Return all the data verbatim but without images.

Data extracts |
╔══
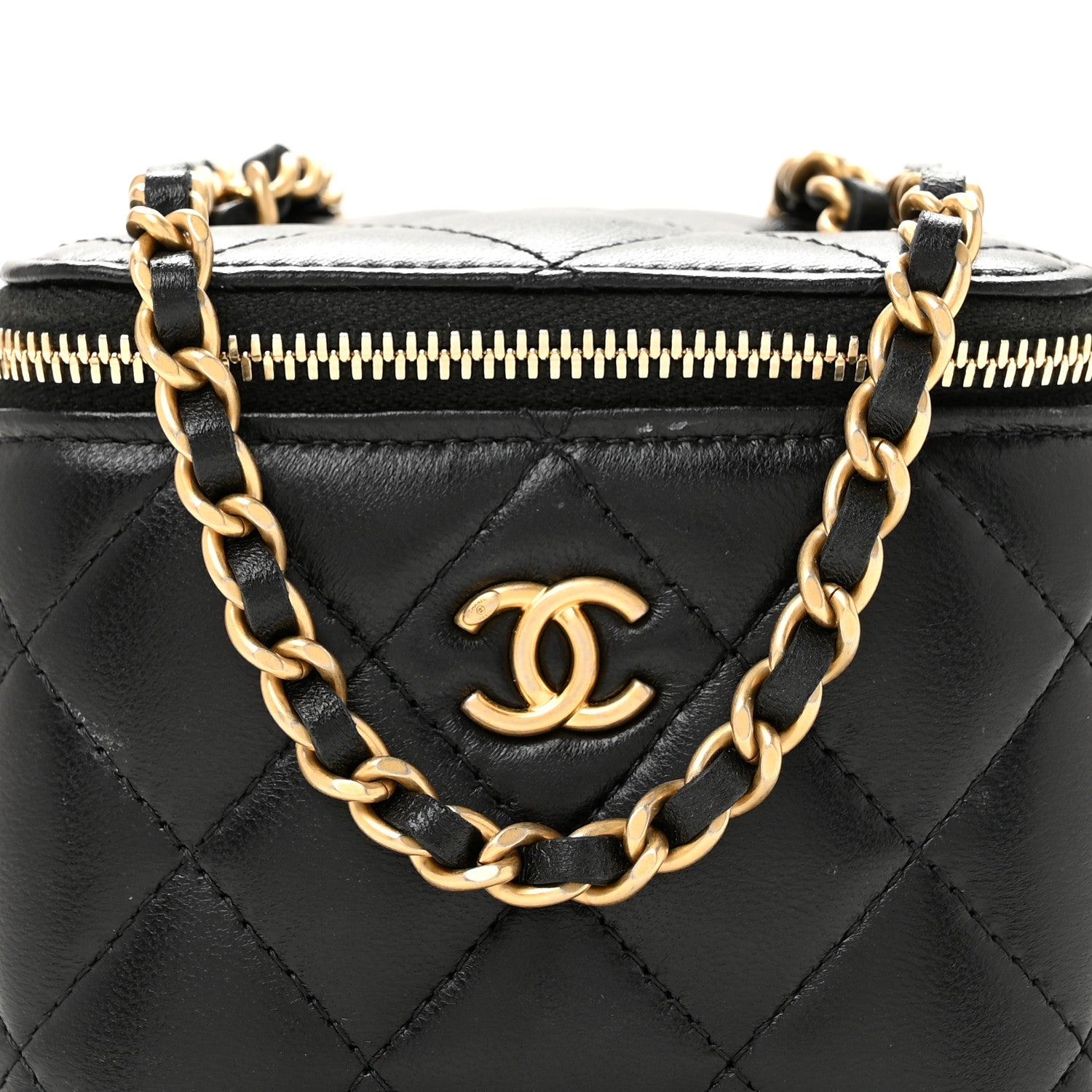 Chanel Lambskin Quilted Mini Pearl Crush Vanity Case With Chain Black 8 of 13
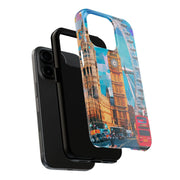 London Big Ben Collage Tough Phone Case – Vibrant City Pop Art Design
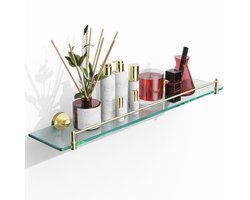 Drijvende Glazen Badkamer Planken 24 Inch - Moderne Roestvrij Staal en Geborsteld Goud
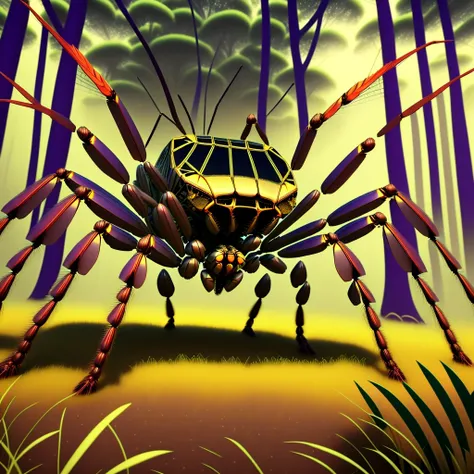photo, a giant spider with a car in the middle of it's legs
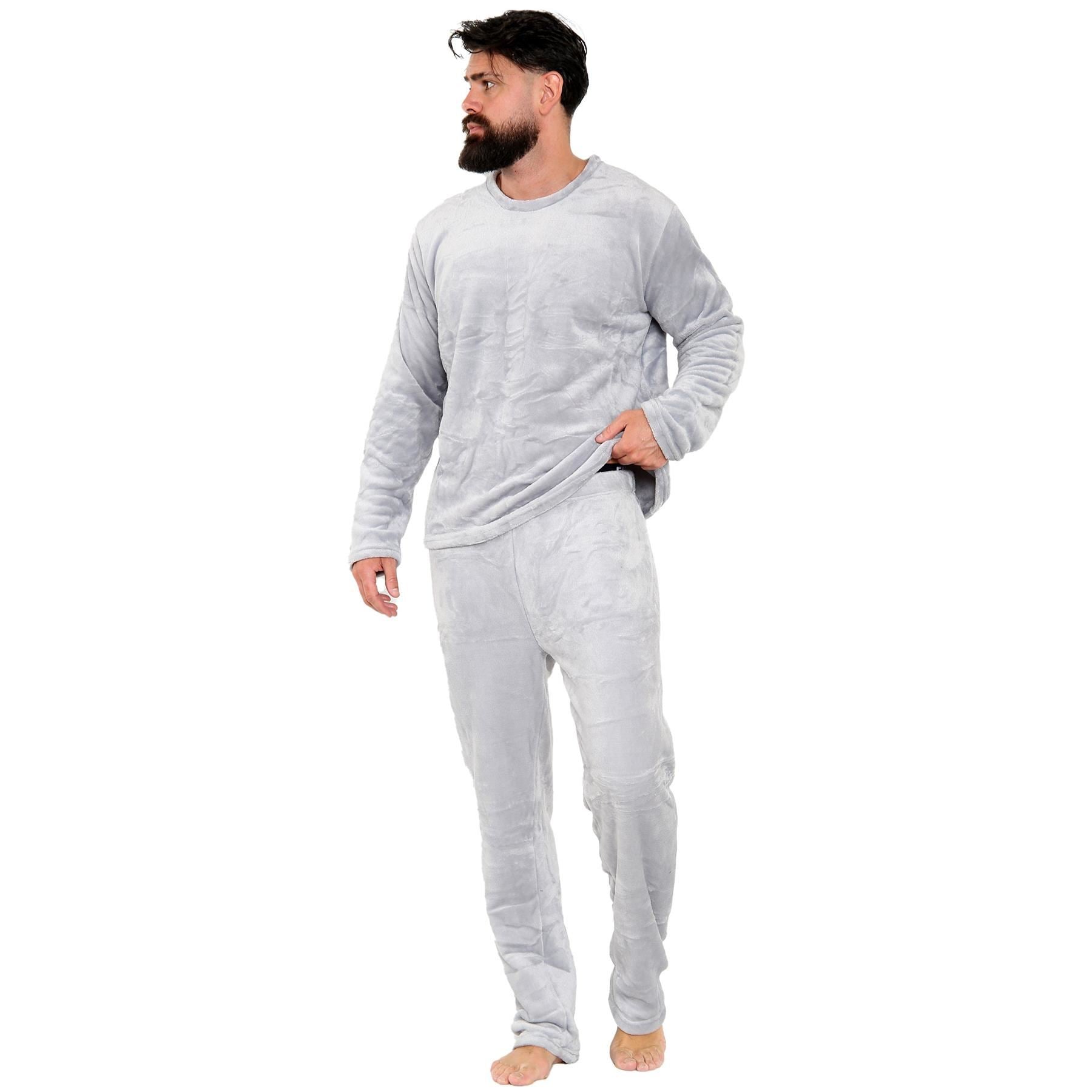 Mens Pyjamas Soft Warm Fleece Adults Crew Neck Pyjamas 2 Piece Gift Set For Mens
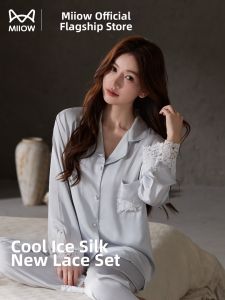 MiiOW | Lace Ice Silk Cooling Womens Long Sleeve Pajamas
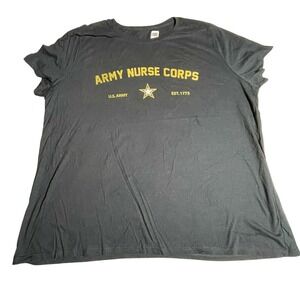 US Army Nurse Corps Graphic T-Shirt Black Womens 3XL Short Sleeve Tee
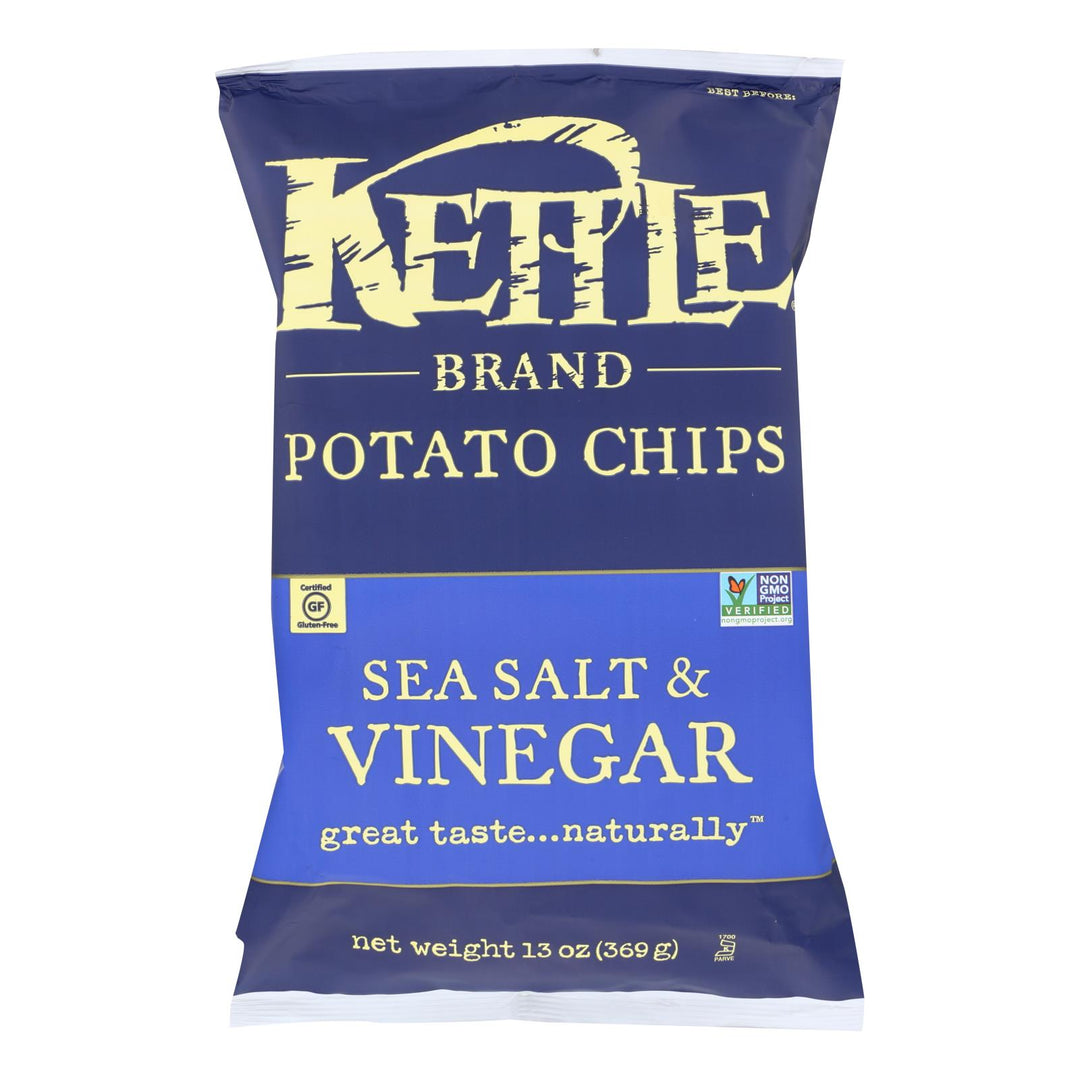 Kettle Brand - Potato Chps Sea Salt & Vngar - Case Of 9 - 13 Oz - Maras Green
╚══
Answer box |
 Chanel Lambskin Quilted Mini Pearl Crush Vanity Case With Chain Black 8 of 13
 London Big Ben Collage Tough Phone Case – Vibrant City Pop Art Design
 Drijvende Glazen Badkamer Planken 24 Inch - Moderne Roestvrij Staal en Geborsteld Goud
photo, a giant spider with a car in the middle of it's legs
 Mens Pyjamas Soft Warm Fleece Adults Crew Neck Pyjamas 2 Piece Gift Set For Mens
 MiiOW | Lace Ice Silk Cooling Womens Long Sleeve Pajamas
 US Army Nurse Corps Graphic T-Shirt Black Womens 3XL Short Sleeve Tee
 Kettle Brand - Potato Chps Sea Salt & Vngar - Case Of 9 - 13 Oz - Maras Green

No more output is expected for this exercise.